I've had about 300 jobs. Even the awful telemarketing in college - 'cept mine was in Ephraim when I went to snow college. Western Watts baby. Snow sucked. It sucked bad. I dropped out the last quarter after drill team was over.

Then I worked for Satan himself in St. George, and that was about the worst. I've never worked since.

Mia said...

I think all of my jobs were pretty dang good compared to what I have read so far.

mCat said...

No topping yours Mindi, you win!
However, my worst job ever was in high school. Picture if you will a decent looking young 17 year old with a (then great) figure. Working the Denny's right off the freeway. Every perverted trucker stopped there and scarred me for life! I lasted a month, then just didn't show up again. Total job abandonment, but I can live with myself.......

kami @ nobiggie.net said...

I was a janitor at my Elementary school for about 1 week...my mom made me do it. Dang Mom...no wonder I need counseling. ;)

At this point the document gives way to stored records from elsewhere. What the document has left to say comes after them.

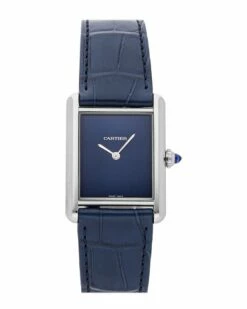 Heritage Cartier Cartier Women's Tank Watch Watches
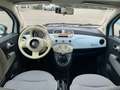 Fiat 500 500 1.3 mjt 16v Lounge 75cv Bleu - thumbnail 19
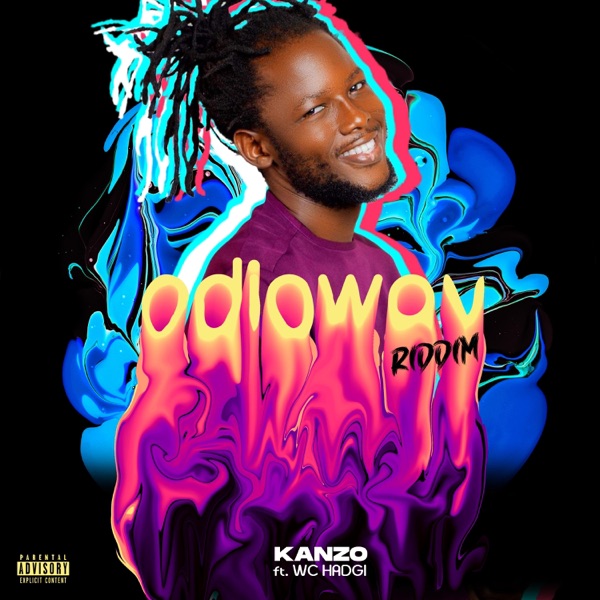 Kanzo (feat. WC Hadgi)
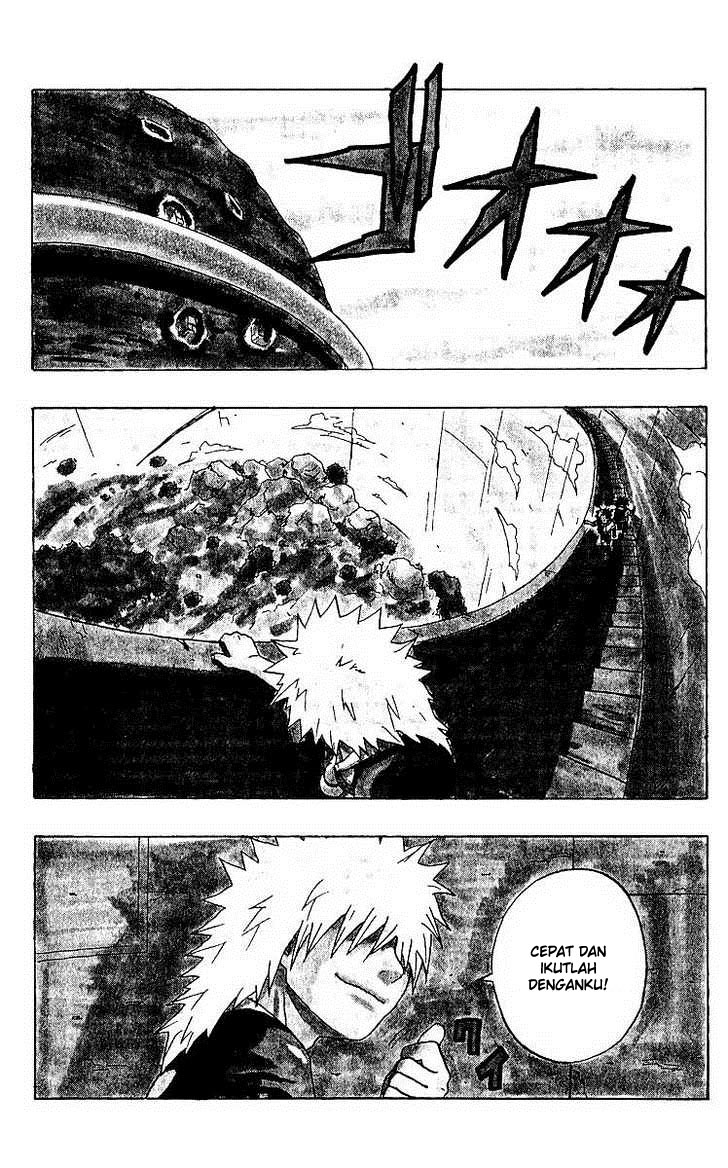 Baca 666 Satan Chapter 15. Gambar 2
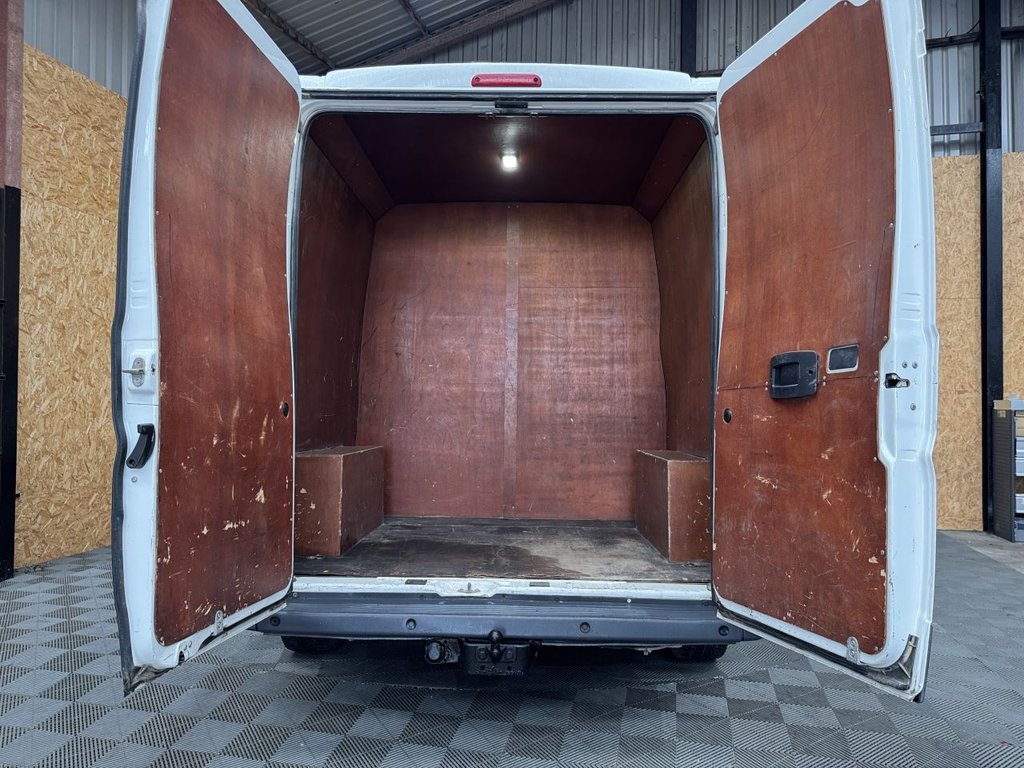 Used Citroen Relay 2017 for sale - 76509963: Photo 6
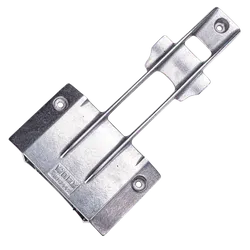 Worx Racing Intake Grate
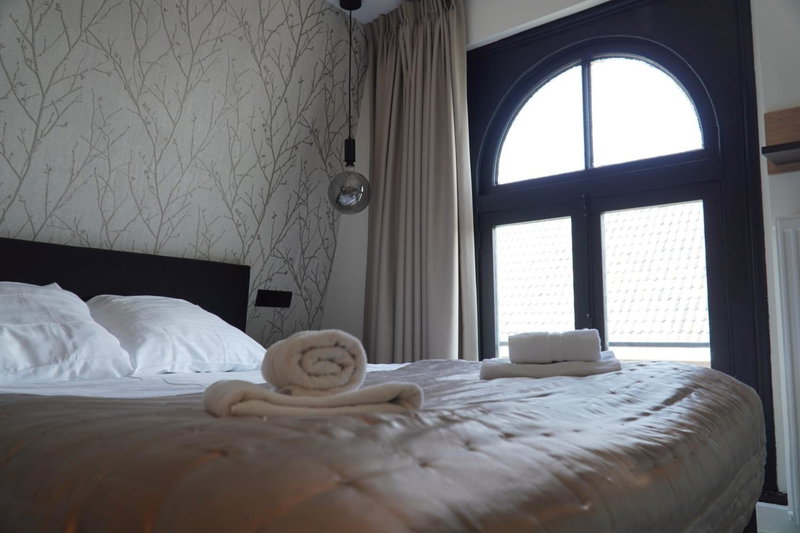 Haarlem Apart Hotel, Haarlem, The Netherlands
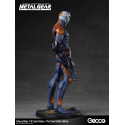 Metal Gear Solid statuette 1/6 Cyborg Ninja The Final Battle Edition 30 cm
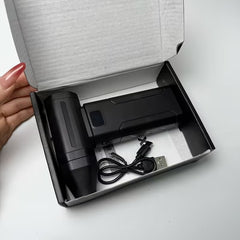Ventilador Portátil Violent Fan W8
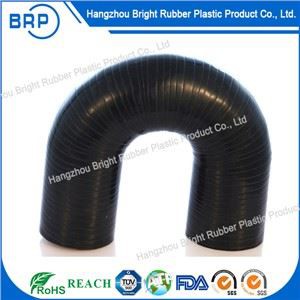 bending rubber hoses manufacturing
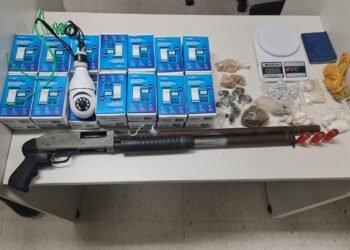 Trabalho de inteligência leva equipes da PC, PM e PF até mais cinco traficantes que atuaram no confronto em Valéria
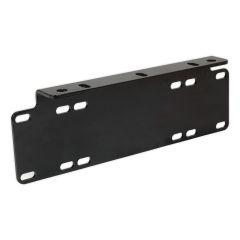 Universal Light Mounting Bracket for Numberplate Fitting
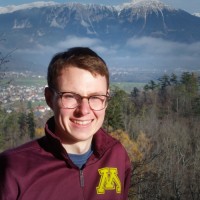 Justus Olson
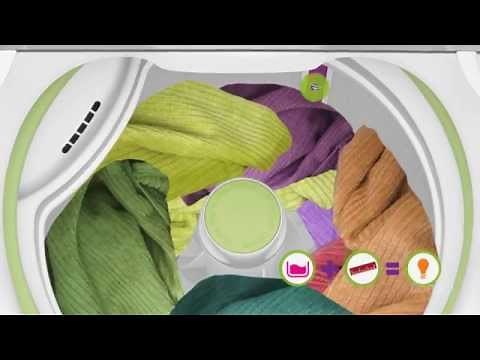 Lavadora Consul Facilite 8KG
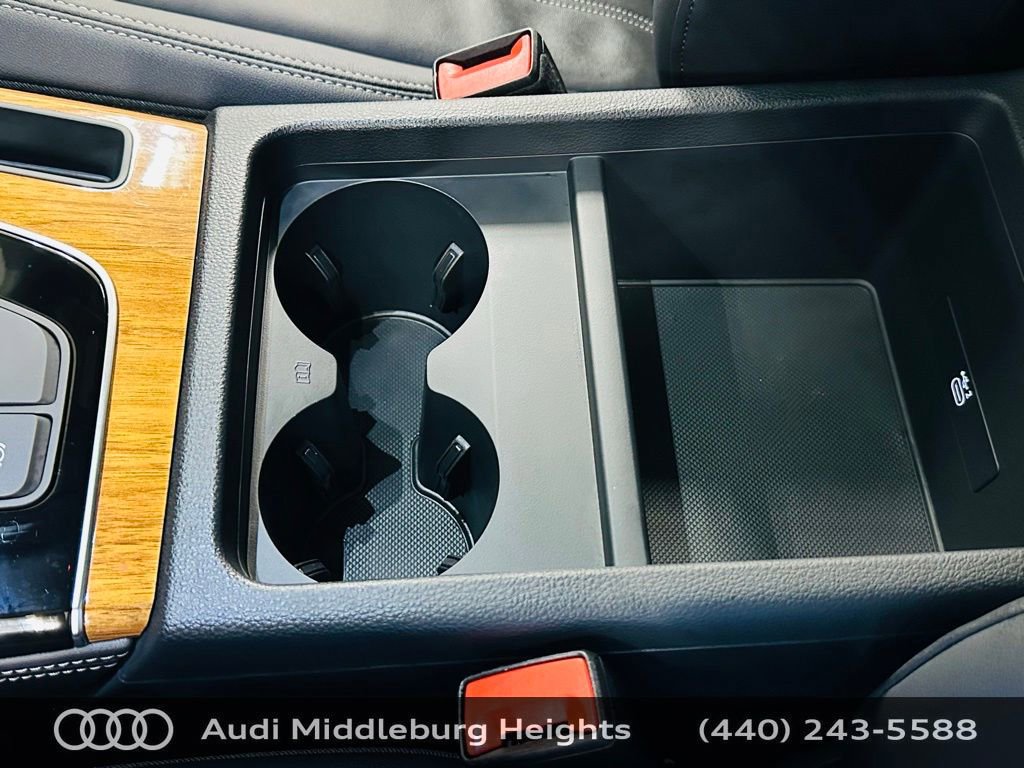 Certified 2023 Audi Q5 2.0T Premium Plus w/ Premium Plus Package image 23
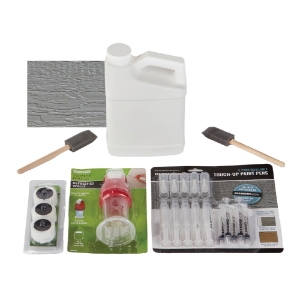 Diamond Kote® Touch Up Paint Kits Pelican Quart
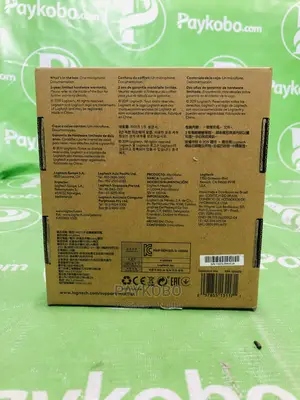 Expansion Mic for Logitech Meetup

ps. Let's get that guy...any excuse for a girl trip with Mindi. ;)

heidi said...

not a one up, but a similar taste of hell. when my husband was in law school i worked in consumer finance(one step above car title loans) making loans at 27 percent interest on things like 4 wheelers and guns and outdoor metal sheds and sometimes just cash over a 5 year period. classy people, classy stuff. when it wasn't peak loan making hours, i was calling people at work and demanding that they pay their bill that was 3 months outstanding. and sometimes we went to their houses to collect. we were sort of like thugs except for the fact that i am not scary in any way. i lasted 6 months. and that was the amazing part.

Omgirl said...

I did tele-surveys. Not quite as bad as telemarketing. Not EVERYONE hates you calling, just most people. But I worked with a bunch of freinds and we played cards in between making calls, so it wasn't that bad.

By the way, you've been tagged! so please go to my blog to see what it's all about.

Misty said...

Does a job making minimum wage, while working in a Snow Shack count?

Cassie said...

Enjoying the stories! Not a one up either, but...I worked for a used car salesman. Picture a skinny tall man, slicked back hair, leisure suit, and made the "guh-huh" sound when he laughed. I was to do some bookwork. He also had a husband/wife team that cleaned the used heaps up for him (picture two really greasy people who only SAY "guh-huh"). Two days into it, I had to go about 60 miles away and help him drive some heaps back to the lot (I could barely keep the car running). Two days after THAT I came in to open the lot, and the husband/wife team were waiting for me. I opened the door, and a pregnant mouse ran by, the wife said "guh-huh" and stepped on it. Baby mice scattered everywhere. I quit that instant!

veronica said...

Can't "one-up" you but I CAN feel your pain.
I only lasted 12 days (yes that's just 2 days past training) and most of that time was spent passing around a list we had compiled of phone numbers that had funny (or obscene) answering machines.

tara said...

been there.

only I was selling "real estate seminars...you can do transactions RIGHT ON THE SPOT"!! i didn't know what the H I was selling. i sucked wind. i would call a number, pray they weren't home and then let it ring for like, 5 minutes so i wouldn't have to talk to people. HATED it.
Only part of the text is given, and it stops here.